Até os instrumentos musicais associados a cada um dos tipos de poesia são


significativos: à simplicidade da flauta, que associa à lírica, contrapõe a sonoridade
guerreira da tuba, própria da epopeia.

E ao referir-se à " tuba canora e belicosa ", acrescenta: " que o peito acende e a cor ao
gesto muda ". Com esse verso pretende transmitir a ideia de que o estilo épico exerce
sobre o leitor um intenso efeito emotivo, semelhante à exaltação sentida pelos
próprios heróis que vai cantar. Note-se o recurso à metáfora "o peito acende", que
sugere uma espécie de fogo interior avassalador, reforçada pela inversão (colocação
do complemento directo antes do verbo).

Simbologia do episódio do "Velho do Restelo"

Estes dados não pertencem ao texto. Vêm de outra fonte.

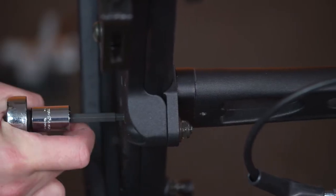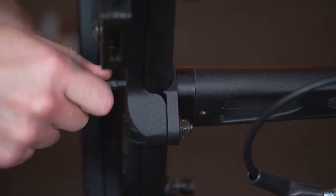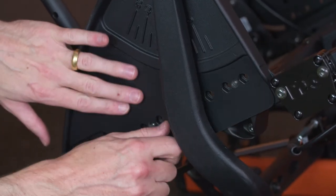Torque the fasteners to specification. Reinstall the cover plate.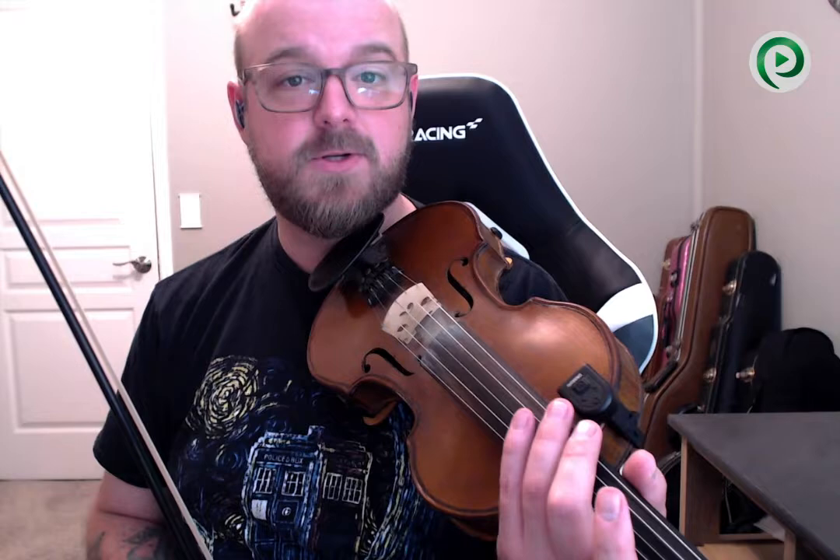I'm gonna start with showing you some really basic swing licks for beginners, and then something that's a little more advanced that intermediate and even advanced players will enjoy. If you're into that kind of stuff, make sure to subscribe to this channel if you're watching on YouTube, click that like button for the YouTube algorithm, and hit the notification bell so you don't miss any future videos. And if you're watching on Facebook, make sure to follow this page, click the like button, and share this video with your friends.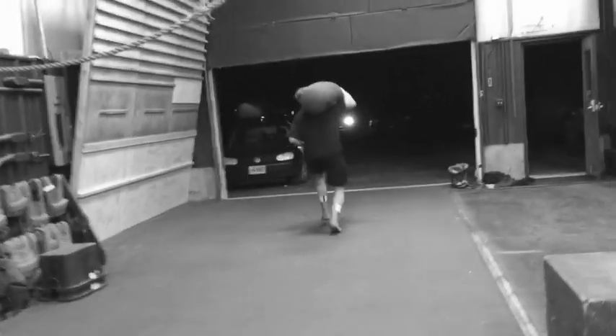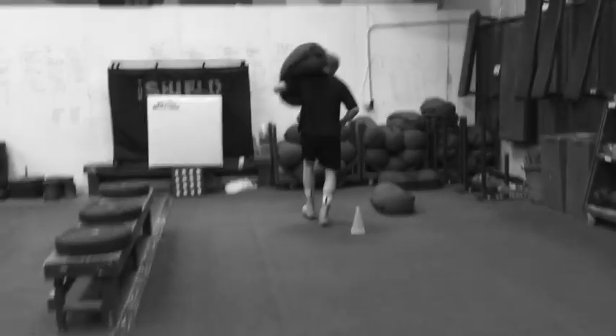Run down to the end of the gym — the distance doesn't matter that much, our gym is about 40 feet long. Pick it up, clean it to the left shoulder, and run it back. That's one rep. That's the sandbag clean and run.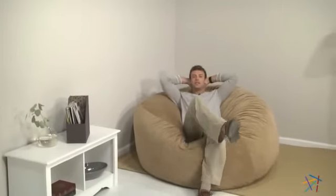Hi, I'm Nick with Hey Needle, and this is the Comfort Cloud Micro Suede 5-Foot Foam Bean Bag. The inside is filled with soft, durable, and breathable polyurethane foam that will conform to your body shape for the ultimate relaxation.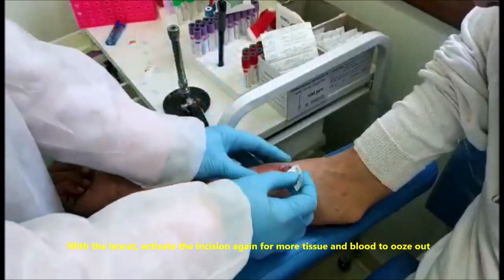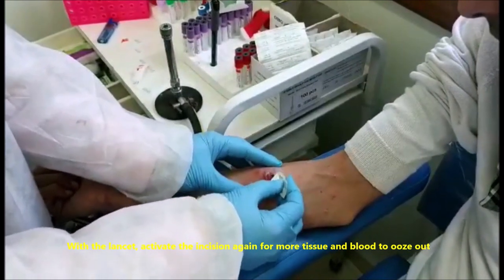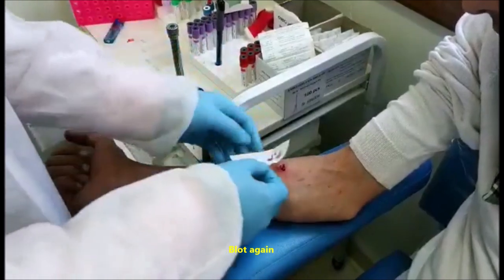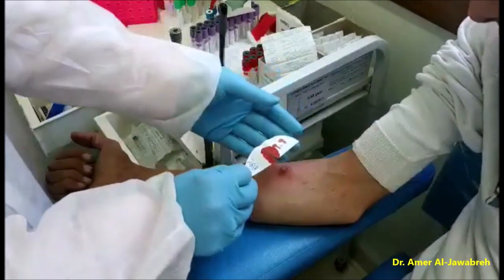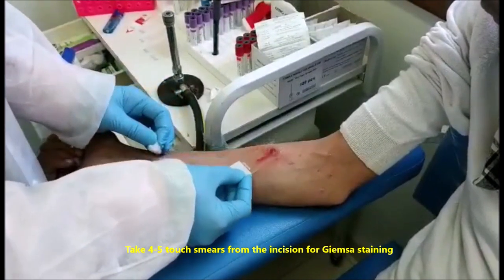With the lancet, activate the incision again for more tissue and blood to ooze out. Blot again. Take 4 to 5 touch smears from the incision for Giemsa staining.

Naturalmente, o "Velho do Restelo" não é uma personagem histórica, mas uma


criação de Camões com um profundo significado simbólico.

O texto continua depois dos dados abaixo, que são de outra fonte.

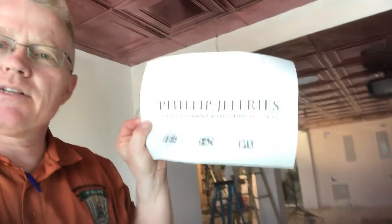Hi, this is Spencer Colgan from Spencer Colgan's Wallpaper, and we're on a construction site in Clearwater Beach. Many people are working here, so forgive me for the sound quality — not the best, I understand. But I have an interesting product for you: not only is this a Philip Jeffries, but it's their leather.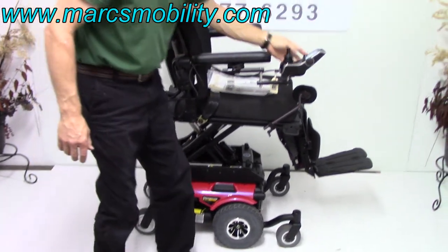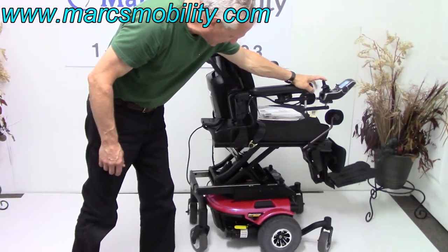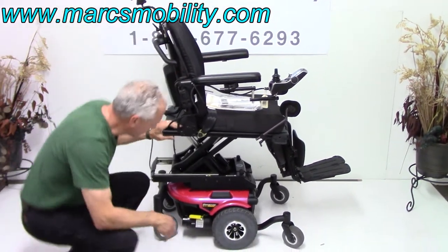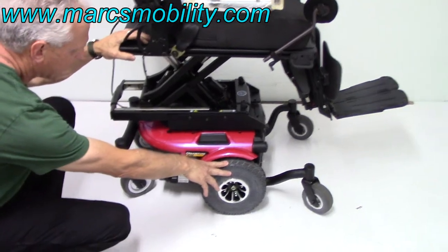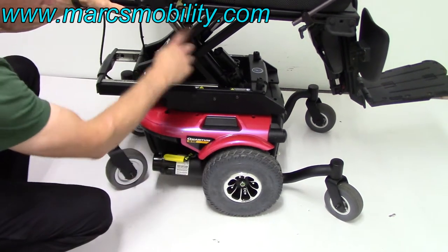This chair will still drive when the seat is elevated, but it will drive at a much slower speed. The base is a very well-built chair. We've got 10-inch solid tires, caster wheels in the front, caster wheels in the back. You've got a motor for each wheel, one on each side.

Por um lado, representa aquela corrente de opinião que via com desagrado o
envolvimento de Portugal nos Descobrimentos, considerando que a tentativa de
criação de um império colonial no Oriente era demasiado custosa e de resultados
duvidosos. Preferiam que a expansão do país se fizesse pela ampliação das
conquistas militares no Norte de África.
Essa ideia era, sobretudo, defendida pela nobreza, que assim encontravam
possibilidades de mostrarem o seu valor no combate com os mouros e, ao mesmo
tempo, encontravam nele justificação para as benesses que a Coroa lhes
concedia. A burguesia, por seu lado, inclinava-se mais para a expansão marítima,
vendo aí maiores oportunidades de comércio frutuoso.
Por outro lado, se ignorarmos o contexto histórico em que o episódio é situado,
podemos ver na figura do Velho o símbolo daqueles que, em nome do bom
senso, recusam as aventuras incertas, defendendo que é preferível a tranquilidade
duma vida mediana à promessa de riquezas que, geralmente, se traduzem em
desgraças. Encontramos aqui um eco de uma ideia cara aos humanistas: a
nostalgia da idade de ouro, tempo de paz e tranquilidade, de que o homem se viu
afastado e a que pode voltar, reduzindo as suas ambições a uma sábia mediania
("aurea mediocritas", na expressão dos latinos), já que foi a desmedida ambição
que lançou o ser humano na idade de ferro, em que agora vive (cf. est. 98). Neste
sentido o episódio pode ser entendido como a manifestação do espírito
humanista, favorável à paz e tranquilidade, contrário ao espírito guerreiro da
Idade Média.
Assim, o episódio do "Velho do Restelo" está de certo modo em contradição com
aquilo mesmo que Os Lusíadas , no seu conjunto, procuram exaltar - o esforço
guerreiro e expansionista dos portugueses. Essa contradição é real e traduz, de
forma talvez inconsciente, as contradições da sociedade portuguesa da época e do
próprio poeta. De facto, Camões soube interpretar, melhor que ninguém, o
sentimento de orgulho nacional resultante da consciência de que durante algum
tempo Portugal foi capaz de se destacar das demais nações europeias. Mas
Camões era também um homem de sólida formação cultural, atento aos valores
estéticos do classicismo literário e imbuído de ideais humanistas. Se, ao cantar os
feitos dos portugueses, ele dá voz a esse orgulho nacional, que sentia também
como seu, na fala do "Velho do Restelo" e em outras intervenções disseminadas
ao longo do poema, exprime as suas ideias de humanista.